Stratified Domain Adaptation: A Progressive Self-Training Approach for Scene Text Recognition
This work addresses domain adaptation challenges in scene text recognition, an incremental advancement for improving model robustness across different visual domains.
The paper tackles the problem of performance degradation in unsupervised domain adaptation for scene text recognition when there is a large domain gap, by introducing a Stratified Domain Adaptation approach that partitions training data into subsets for progressive self-training, resulting in significant improvements over baseline models as shown in experiments on benchmark datasets.

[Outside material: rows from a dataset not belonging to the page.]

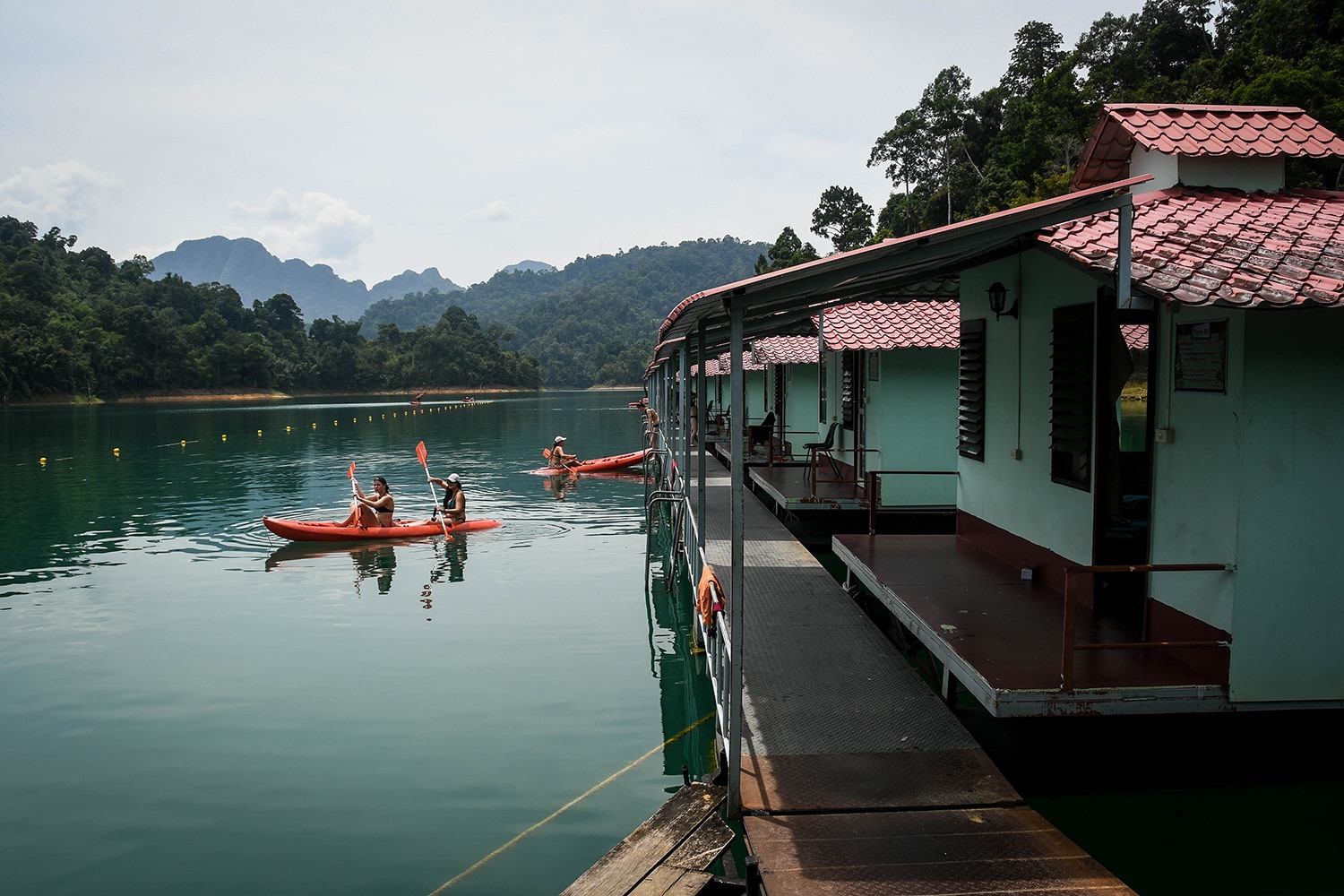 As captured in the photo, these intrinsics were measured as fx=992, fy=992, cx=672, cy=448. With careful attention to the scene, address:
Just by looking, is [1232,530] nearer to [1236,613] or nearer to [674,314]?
[1236,613]

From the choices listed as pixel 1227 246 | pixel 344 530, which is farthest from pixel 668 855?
pixel 344 530

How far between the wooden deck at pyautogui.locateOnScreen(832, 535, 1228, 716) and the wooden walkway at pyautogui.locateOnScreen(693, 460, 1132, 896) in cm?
40

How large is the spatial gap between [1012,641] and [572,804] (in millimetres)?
3195

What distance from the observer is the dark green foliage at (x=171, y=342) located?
76.8m

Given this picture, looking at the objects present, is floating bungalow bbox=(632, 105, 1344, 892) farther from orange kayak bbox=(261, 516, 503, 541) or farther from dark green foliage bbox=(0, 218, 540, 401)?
dark green foliage bbox=(0, 218, 540, 401)

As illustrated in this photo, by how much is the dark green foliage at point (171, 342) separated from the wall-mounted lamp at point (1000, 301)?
77.3 m

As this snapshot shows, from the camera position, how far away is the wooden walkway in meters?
Result: 4.38

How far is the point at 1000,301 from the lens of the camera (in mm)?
8609

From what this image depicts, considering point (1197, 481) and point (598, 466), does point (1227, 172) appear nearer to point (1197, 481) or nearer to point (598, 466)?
point (1197, 481)

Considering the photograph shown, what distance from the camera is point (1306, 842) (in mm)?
5723

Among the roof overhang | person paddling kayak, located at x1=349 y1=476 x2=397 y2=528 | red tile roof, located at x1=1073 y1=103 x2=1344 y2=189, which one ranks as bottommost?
person paddling kayak, located at x1=349 y1=476 x2=397 y2=528

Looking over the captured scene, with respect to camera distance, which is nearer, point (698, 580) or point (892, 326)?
point (698, 580)

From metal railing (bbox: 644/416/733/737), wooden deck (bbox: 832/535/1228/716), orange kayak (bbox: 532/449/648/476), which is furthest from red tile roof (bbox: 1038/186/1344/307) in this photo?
orange kayak (bbox: 532/449/648/476)

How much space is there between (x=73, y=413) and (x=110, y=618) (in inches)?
2347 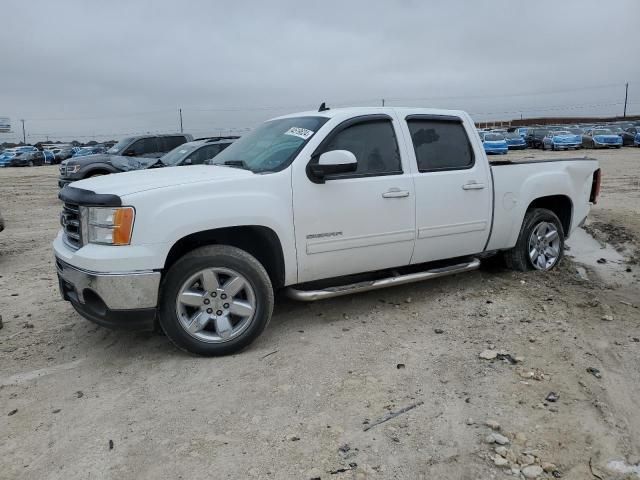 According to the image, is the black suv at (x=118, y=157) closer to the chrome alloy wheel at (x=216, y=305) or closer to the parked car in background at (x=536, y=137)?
the chrome alloy wheel at (x=216, y=305)

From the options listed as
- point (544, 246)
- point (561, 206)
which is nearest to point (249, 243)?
point (544, 246)

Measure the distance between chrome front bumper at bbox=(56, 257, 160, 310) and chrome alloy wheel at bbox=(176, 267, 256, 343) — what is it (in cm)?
21

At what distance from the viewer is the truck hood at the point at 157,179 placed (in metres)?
3.87

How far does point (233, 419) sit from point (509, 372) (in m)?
1.87

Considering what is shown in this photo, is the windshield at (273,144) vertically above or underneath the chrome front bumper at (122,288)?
above

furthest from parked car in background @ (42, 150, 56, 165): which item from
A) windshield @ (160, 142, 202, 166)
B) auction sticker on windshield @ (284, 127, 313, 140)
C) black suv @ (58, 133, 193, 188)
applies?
auction sticker on windshield @ (284, 127, 313, 140)

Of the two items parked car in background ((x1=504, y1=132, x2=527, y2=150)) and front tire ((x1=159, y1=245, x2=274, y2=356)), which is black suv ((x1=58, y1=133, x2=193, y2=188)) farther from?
parked car in background ((x1=504, y1=132, x2=527, y2=150))

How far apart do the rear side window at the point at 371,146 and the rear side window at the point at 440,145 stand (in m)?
0.25

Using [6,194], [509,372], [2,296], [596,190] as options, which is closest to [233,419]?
[509,372]

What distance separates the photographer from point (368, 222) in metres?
4.55

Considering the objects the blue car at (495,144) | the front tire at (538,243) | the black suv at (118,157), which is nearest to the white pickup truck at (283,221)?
the front tire at (538,243)

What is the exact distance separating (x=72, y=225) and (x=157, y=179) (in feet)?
2.39

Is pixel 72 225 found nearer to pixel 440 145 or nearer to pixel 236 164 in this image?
pixel 236 164

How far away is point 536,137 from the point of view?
137ft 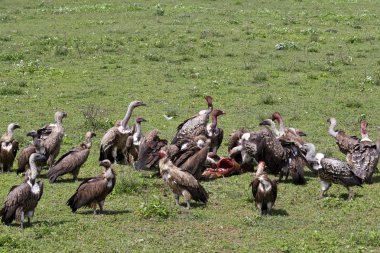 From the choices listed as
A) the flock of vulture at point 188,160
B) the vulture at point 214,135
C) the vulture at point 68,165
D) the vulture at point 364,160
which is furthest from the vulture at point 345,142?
the vulture at point 68,165

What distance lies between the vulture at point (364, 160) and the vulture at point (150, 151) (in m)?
2.86

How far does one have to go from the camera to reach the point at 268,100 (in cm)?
1925

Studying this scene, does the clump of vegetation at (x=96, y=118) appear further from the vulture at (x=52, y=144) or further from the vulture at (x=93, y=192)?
the vulture at (x=93, y=192)

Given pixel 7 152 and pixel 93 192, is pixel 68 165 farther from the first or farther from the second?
pixel 93 192

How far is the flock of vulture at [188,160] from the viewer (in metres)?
11.3

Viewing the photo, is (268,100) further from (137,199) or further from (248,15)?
(248,15)

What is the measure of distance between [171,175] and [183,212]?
0.62 meters

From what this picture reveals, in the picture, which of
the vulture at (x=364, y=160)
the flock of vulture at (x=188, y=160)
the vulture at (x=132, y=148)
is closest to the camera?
the flock of vulture at (x=188, y=160)

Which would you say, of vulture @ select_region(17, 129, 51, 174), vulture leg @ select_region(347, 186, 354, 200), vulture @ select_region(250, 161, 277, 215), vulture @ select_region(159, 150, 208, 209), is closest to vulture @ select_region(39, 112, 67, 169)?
vulture @ select_region(17, 129, 51, 174)

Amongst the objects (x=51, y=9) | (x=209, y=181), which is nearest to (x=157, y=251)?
(x=209, y=181)

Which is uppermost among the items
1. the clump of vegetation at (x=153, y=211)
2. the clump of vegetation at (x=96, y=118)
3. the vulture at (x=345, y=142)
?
→ the vulture at (x=345, y=142)

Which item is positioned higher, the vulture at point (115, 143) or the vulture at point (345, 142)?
the vulture at point (345, 142)

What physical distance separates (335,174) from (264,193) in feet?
4.57

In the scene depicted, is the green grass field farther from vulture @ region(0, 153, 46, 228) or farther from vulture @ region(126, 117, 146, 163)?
vulture @ region(126, 117, 146, 163) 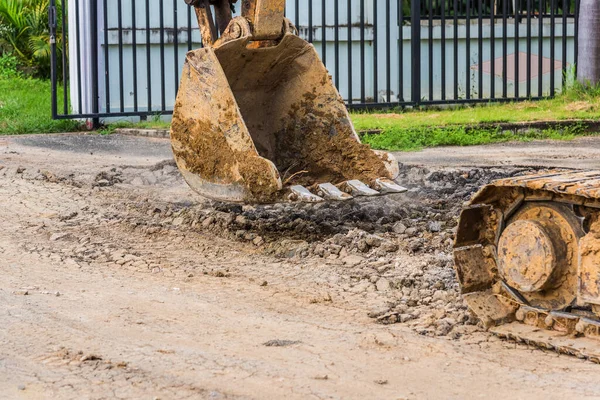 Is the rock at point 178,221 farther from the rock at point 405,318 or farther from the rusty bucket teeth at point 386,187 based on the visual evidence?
the rock at point 405,318

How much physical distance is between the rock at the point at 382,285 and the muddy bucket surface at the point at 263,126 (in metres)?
1.00

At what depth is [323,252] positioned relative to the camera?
6176 millimetres

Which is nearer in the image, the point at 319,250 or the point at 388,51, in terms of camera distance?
the point at 319,250

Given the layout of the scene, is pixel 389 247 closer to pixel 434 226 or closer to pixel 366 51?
pixel 434 226

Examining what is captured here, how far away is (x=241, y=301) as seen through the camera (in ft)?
17.0

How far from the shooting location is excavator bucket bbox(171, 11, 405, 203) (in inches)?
247

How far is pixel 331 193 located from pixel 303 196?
0.20 m

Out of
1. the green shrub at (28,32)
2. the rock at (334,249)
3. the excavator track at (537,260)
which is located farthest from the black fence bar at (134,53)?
the excavator track at (537,260)

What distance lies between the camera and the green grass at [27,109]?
12.2 meters

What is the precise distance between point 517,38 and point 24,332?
9819 mm

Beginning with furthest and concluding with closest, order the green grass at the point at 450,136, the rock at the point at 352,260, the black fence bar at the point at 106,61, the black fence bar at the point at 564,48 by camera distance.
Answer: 1. the black fence bar at the point at 564,48
2. the black fence bar at the point at 106,61
3. the green grass at the point at 450,136
4. the rock at the point at 352,260

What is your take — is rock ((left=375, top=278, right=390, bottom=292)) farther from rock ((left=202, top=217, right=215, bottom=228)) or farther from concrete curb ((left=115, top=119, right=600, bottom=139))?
concrete curb ((left=115, top=119, right=600, bottom=139))

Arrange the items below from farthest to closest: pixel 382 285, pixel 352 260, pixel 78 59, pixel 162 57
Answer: pixel 78 59 < pixel 162 57 < pixel 352 260 < pixel 382 285

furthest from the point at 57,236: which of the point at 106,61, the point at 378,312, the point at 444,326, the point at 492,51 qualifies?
the point at 492,51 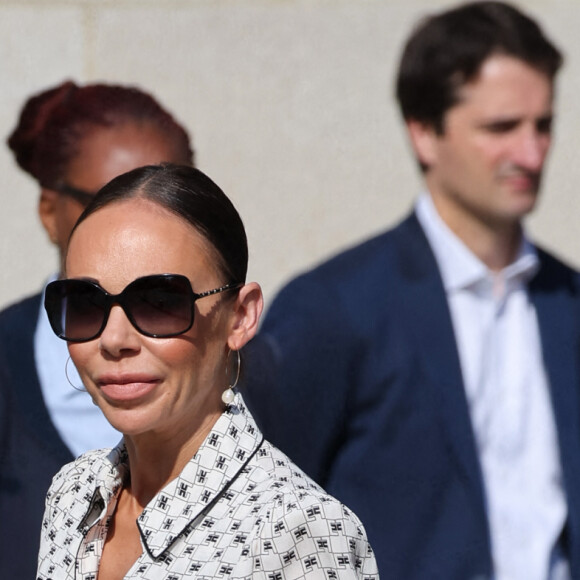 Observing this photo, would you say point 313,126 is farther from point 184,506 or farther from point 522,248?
point 184,506

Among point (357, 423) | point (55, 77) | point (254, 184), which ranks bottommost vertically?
point (357, 423)

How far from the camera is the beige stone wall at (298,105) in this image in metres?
3.92

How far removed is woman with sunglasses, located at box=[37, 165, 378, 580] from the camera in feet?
5.88

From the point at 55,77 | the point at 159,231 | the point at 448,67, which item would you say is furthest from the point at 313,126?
the point at 159,231

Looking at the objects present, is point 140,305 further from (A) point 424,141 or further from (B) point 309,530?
(A) point 424,141

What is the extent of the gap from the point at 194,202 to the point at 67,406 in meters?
1.24

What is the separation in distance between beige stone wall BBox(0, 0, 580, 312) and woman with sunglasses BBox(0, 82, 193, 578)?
56 centimetres

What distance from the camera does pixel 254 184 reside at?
13.1ft

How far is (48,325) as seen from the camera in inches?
122

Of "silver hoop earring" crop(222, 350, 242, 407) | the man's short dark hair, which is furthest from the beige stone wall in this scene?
"silver hoop earring" crop(222, 350, 242, 407)

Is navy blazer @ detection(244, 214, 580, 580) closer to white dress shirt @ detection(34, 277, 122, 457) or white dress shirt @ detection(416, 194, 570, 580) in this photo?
white dress shirt @ detection(416, 194, 570, 580)

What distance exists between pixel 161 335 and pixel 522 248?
1944 mm

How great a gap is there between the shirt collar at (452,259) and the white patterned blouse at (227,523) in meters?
1.45

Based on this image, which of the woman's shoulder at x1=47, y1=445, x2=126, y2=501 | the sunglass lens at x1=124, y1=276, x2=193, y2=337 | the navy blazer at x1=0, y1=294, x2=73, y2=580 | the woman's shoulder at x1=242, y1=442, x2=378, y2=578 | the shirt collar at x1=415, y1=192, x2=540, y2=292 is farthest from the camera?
the shirt collar at x1=415, y1=192, x2=540, y2=292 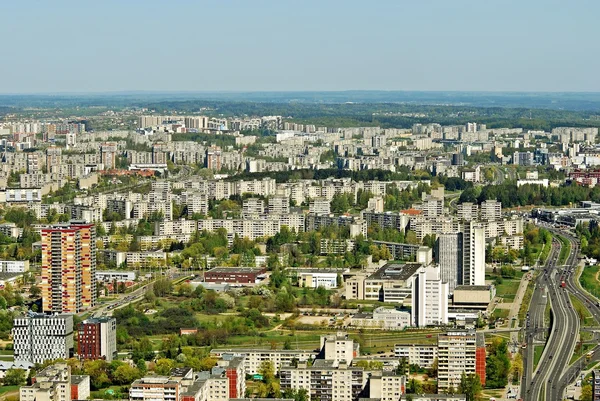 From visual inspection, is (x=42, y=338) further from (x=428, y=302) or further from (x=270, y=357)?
(x=428, y=302)

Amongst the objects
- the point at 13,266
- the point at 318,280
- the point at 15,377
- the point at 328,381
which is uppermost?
the point at 328,381

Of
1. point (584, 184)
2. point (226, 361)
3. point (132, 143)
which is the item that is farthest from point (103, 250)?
point (132, 143)

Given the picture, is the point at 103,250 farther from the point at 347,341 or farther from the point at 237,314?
the point at 347,341

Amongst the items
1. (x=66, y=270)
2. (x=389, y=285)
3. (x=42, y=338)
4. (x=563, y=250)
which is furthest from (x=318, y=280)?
(x=42, y=338)

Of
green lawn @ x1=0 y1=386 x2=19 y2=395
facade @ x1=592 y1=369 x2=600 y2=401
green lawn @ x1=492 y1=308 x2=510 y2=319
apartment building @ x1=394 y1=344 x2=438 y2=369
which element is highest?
facade @ x1=592 y1=369 x2=600 y2=401

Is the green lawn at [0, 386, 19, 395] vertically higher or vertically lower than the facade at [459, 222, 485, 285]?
lower

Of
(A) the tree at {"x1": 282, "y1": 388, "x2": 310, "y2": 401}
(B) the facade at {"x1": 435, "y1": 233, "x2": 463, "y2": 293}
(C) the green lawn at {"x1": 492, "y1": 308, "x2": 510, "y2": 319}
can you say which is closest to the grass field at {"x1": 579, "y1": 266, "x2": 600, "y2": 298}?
(C) the green lawn at {"x1": 492, "y1": 308, "x2": 510, "y2": 319}

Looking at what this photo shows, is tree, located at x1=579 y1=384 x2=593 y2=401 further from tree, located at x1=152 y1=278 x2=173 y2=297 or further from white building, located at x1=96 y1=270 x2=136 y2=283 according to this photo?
white building, located at x1=96 y1=270 x2=136 y2=283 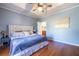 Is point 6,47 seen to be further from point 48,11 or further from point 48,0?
point 48,11

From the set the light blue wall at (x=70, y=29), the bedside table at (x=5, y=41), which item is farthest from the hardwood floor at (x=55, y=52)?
the light blue wall at (x=70, y=29)

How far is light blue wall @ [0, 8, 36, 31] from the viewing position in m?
1.46

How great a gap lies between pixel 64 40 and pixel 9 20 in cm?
239

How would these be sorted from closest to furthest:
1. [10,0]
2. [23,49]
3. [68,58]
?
[10,0], [68,58], [23,49]

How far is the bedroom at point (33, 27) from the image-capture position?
5.05ft

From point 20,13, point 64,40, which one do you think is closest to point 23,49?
point 20,13

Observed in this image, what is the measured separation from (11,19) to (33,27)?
0.65 meters

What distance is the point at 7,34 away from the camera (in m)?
1.71

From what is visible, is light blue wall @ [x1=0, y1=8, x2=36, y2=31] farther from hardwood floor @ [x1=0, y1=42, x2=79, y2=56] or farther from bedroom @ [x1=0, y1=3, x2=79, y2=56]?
hardwood floor @ [x1=0, y1=42, x2=79, y2=56]

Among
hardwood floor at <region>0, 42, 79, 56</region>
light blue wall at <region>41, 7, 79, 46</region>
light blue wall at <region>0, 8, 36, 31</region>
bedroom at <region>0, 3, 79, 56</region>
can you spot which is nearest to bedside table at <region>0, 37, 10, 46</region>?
bedroom at <region>0, 3, 79, 56</region>

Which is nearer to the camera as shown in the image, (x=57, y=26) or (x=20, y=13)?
(x=20, y=13)

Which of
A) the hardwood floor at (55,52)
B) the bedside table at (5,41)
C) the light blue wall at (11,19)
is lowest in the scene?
the hardwood floor at (55,52)

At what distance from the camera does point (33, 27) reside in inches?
70.1

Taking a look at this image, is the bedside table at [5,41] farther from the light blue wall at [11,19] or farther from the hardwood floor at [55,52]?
the light blue wall at [11,19] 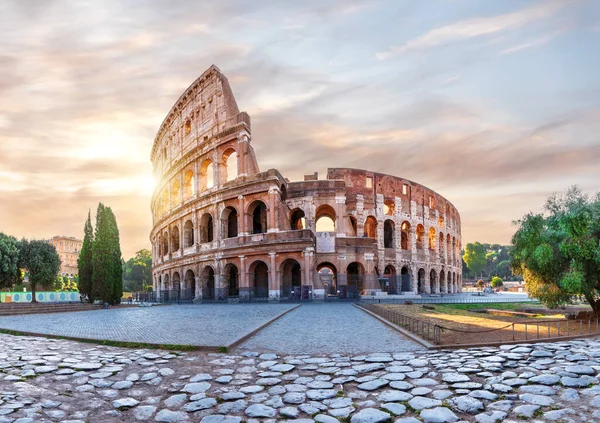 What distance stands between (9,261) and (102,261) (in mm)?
11504

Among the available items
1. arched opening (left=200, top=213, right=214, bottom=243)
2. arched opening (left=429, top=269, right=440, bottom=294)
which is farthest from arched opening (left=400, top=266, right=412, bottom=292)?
arched opening (left=200, top=213, right=214, bottom=243)

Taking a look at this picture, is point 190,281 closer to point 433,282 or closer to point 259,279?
point 259,279

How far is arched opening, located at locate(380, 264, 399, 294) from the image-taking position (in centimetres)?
3903

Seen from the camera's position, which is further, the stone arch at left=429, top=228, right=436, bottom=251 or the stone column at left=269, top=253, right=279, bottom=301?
the stone arch at left=429, top=228, right=436, bottom=251

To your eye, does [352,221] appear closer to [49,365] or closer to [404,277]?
[404,277]

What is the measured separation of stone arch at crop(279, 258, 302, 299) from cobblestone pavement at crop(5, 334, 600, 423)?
22415 millimetres

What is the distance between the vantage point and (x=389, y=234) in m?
45.5

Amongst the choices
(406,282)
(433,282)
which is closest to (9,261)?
(406,282)

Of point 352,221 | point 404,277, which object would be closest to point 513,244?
point 352,221

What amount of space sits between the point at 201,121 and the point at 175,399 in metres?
34.9

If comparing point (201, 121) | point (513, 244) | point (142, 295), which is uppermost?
point (201, 121)

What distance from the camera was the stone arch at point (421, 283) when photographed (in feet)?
150

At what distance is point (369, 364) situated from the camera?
778cm

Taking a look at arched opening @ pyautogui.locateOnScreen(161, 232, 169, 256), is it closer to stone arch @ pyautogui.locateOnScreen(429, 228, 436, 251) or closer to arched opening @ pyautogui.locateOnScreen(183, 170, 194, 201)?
arched opening @ pyautogui.locateOnScreen(183, 170, 194, 201) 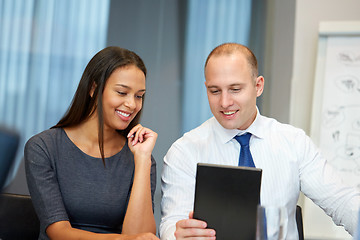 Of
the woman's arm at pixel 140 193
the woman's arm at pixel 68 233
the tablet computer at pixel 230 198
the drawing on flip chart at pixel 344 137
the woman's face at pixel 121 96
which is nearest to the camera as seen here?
the tablet computer at pixel 230 198

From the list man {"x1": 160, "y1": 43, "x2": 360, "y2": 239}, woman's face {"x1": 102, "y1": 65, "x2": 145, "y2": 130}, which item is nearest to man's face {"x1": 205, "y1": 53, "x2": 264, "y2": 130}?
man {"x1": 160, "y1": 43, "x2": 360, "y2": 239}

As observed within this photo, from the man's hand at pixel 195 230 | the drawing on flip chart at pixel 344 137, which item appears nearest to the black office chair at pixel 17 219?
the man's hand at pixel 195 230

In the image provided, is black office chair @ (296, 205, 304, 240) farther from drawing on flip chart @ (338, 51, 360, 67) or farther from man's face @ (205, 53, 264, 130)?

Unsupervised domain adaptation (UDA) has become increasingly prevalent in scene text recognition (STR), especially where training and testing data reside in different domains. The efficacy of existing UDA approaches tends to degrade when there is a large gap between the source and target domains. To deal with this problem, gradually shifting or progressively learning to shift from domain to domain is the key issue. In this paper, we introduce the Stratified Domain Adaptation (StrDA) approach, which examines the gradual escalation of the domain gap for the learning process. The objective is to partition the training data into subsets so that the progressively self-trained model can adapt to gradual changes. We stratify the training data by evaluating the proximity of each data sample to both the source and target domains. We propose a novel method for employing domain discriminators to estimate the out-of-distribution and domain discriminative levels of data samples. Extensive experiments on benchmark scene-text datasets show that our approach significantly improves the performance of baseline (source-trained) STR models.